The safety of induction chemotherapy for patients with initially resectable breast cancer was confirmed by the National Surgical Adjuvant Breast Project (NSABP) B-18 study,[3] which demonstrated outcomes that were similar overall for patients randomised to preoperative versus postoperative doxorubicin (adriamycin)-based combination therapy and that patient prognosis was not adversely affected by delaying resection. In addition, patients who achieved a pCR had longer recurrence-free survival. Thus, while the goals of a preoperative chemotherapeutic approach are to monitor the tumour response invivo and to improve rates of breast-conserving surgery, induction of a pCR with the new drugs should be one of the primary goals, affording longer disease-free and overall survival.

The inclusion of anthracyclines in therapy for breast cancer in general increased the response rates, remission duration and survival of patients with locally advanced breast cancer,[4] with approximately 20% of patients who achieve a complete response remaining disease-free 10 years later. Unfortunately, the clinical value of anthracyclines is limited by the occurrence of ventricular dysfunction. A regimen consisting of doxorubicin 60 mg/m2 and paclitaxel 175--200 mg/m2 every 3 weeks had been reported to be associated with an unacceptable rate of congestive heart failure (18%) when given for eight cycles.[5]
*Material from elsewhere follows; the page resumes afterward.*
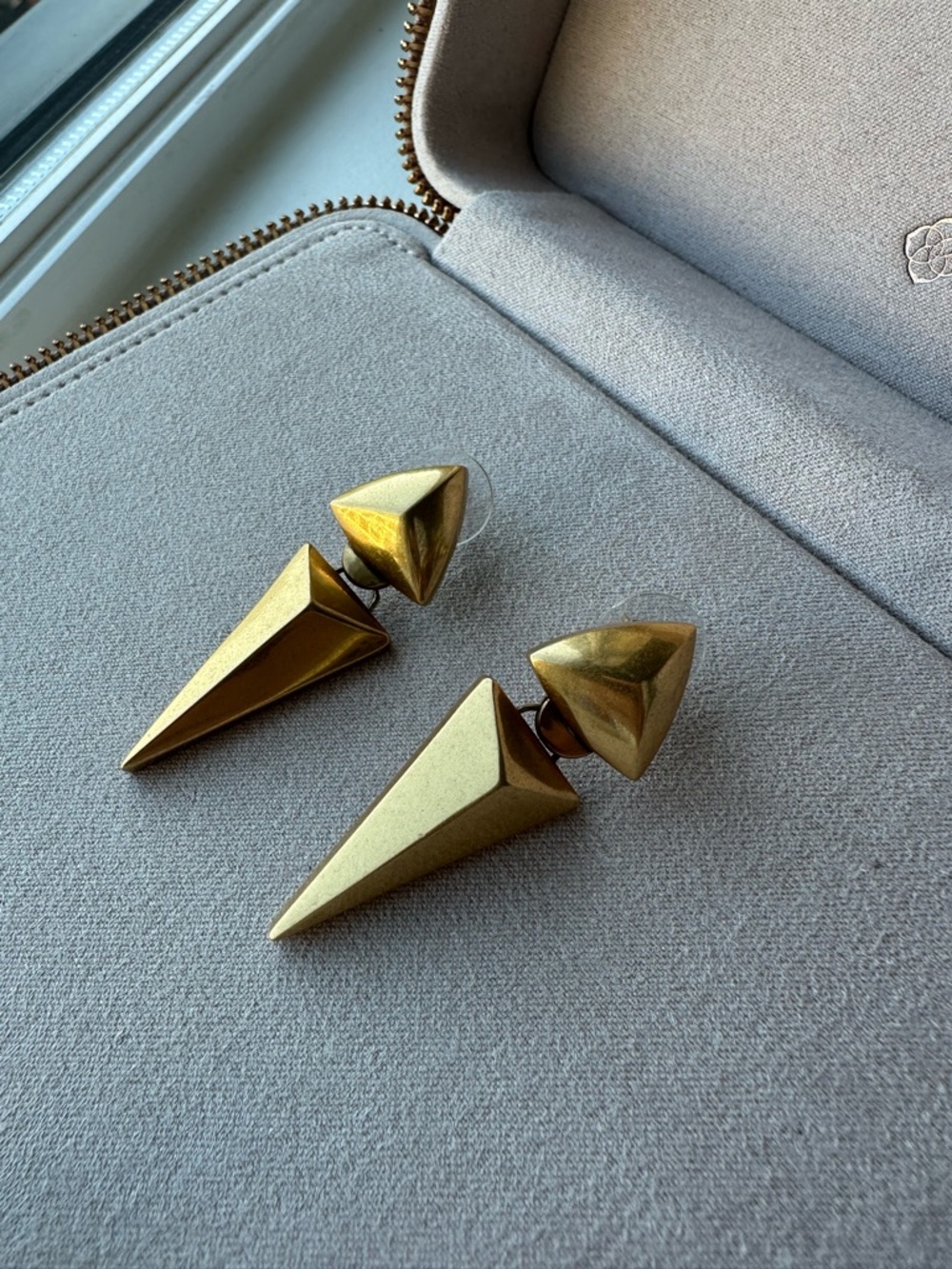 Kendra Scott Drop Earrings in Vintage Gold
Epirubicin (4'-epidoxorubicin) has been shown to be less cardiotoxic and less myelotoxic than the parent compound, at equimolar doses.[6] The combination of epirubicin and paclitaxel showed promise as first-line chemotherapy for advanced breast cancer, yielding a high level of activity with an overall clinical response rate of 84% and a low incidence of cardiotoxicity: only 6% of patients developed mild congestive heart failure.[7] The reduced cardiotoxicity of this combination, as opposed to treatment with doxorubicin and paclitaxel, can be explained by the lesser cardiotoxic effects of epirubicin compared with doxorubicin, as well as by the limited pharmacokinetic interaction of paclitaxel with epi-rubicin. Although epirubicin has a lower cardio-toxic potential than doxorubicin, at cumulative doses of >1000 mg/m2 it induces cardiac failure in 16--35% of patients,[8] with an incidence of death related to this that ranges from 20% to 38%.
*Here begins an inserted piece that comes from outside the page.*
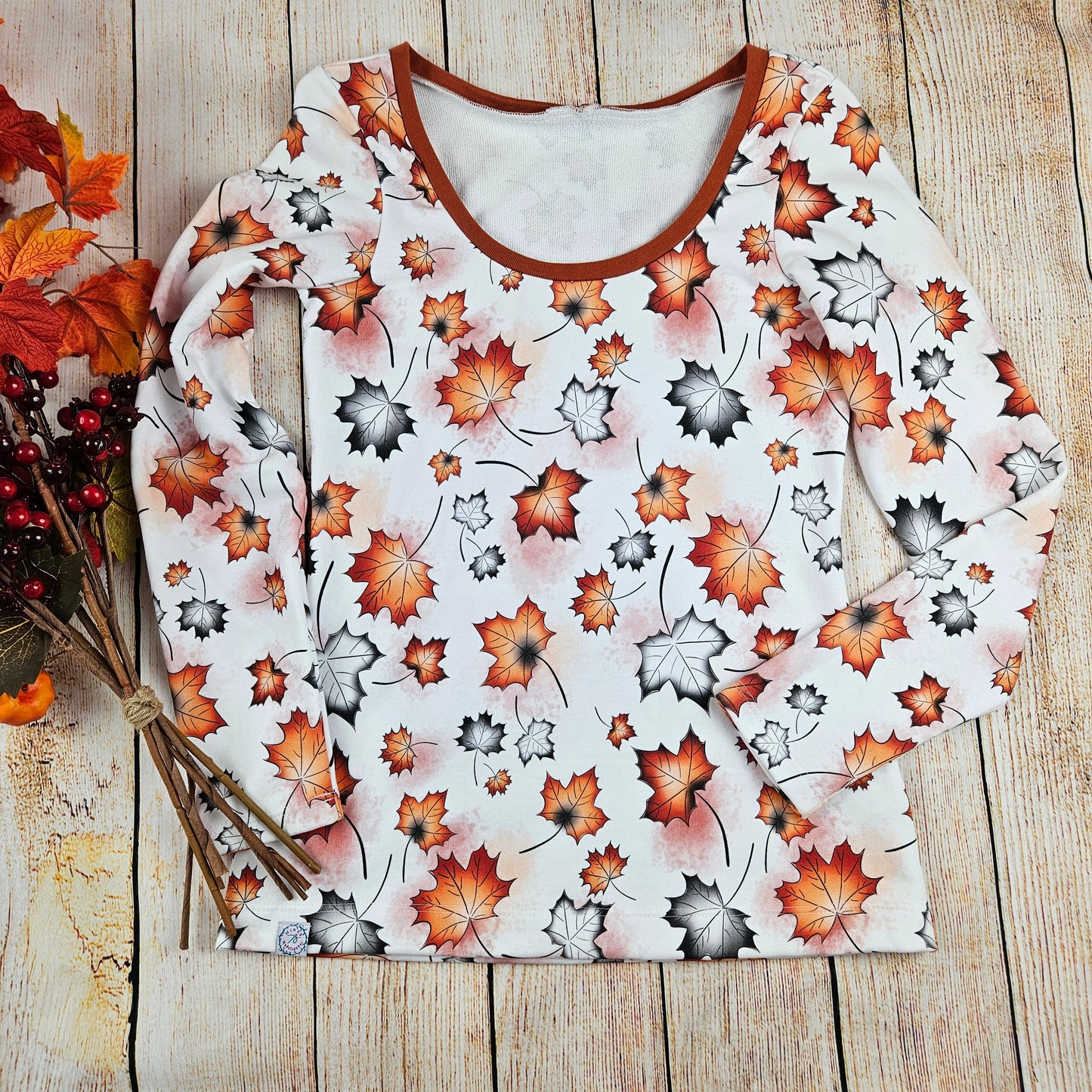 Damen Basicshirt Herbstblätter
The usual proposed risk factors for anthracycline cardiotoxicity include higher cumulative doses, prior chest wall radiotherapy, childhood or advanced age, female sex, pre-existing heart disease, hypertension and diabetes. In particular, previous cardiac irradiation, especially following anthracycline-based chemotherapy, and higher cumulative doses of an anthracycline, have been shown to be independent risk factors for histologically documented cardiac damage.[9]

Prevention of cardiotoxicity during therapy with anthracyclines is therefore an important goal, and one possible way to achieve this is to use a less cardiotoxic anthracycline analogue, such as epirubicin.

We conducted a phase II study to assess the efficacy of combined epirubicin and paclitaxel as neoadjuvant therapy in women with locally advanced or high tumour-to-breast ratio breast cancer to determine the parameters associated with a positive response to the regimen, and to evaluate the clinically relevant toxicity of this treatment.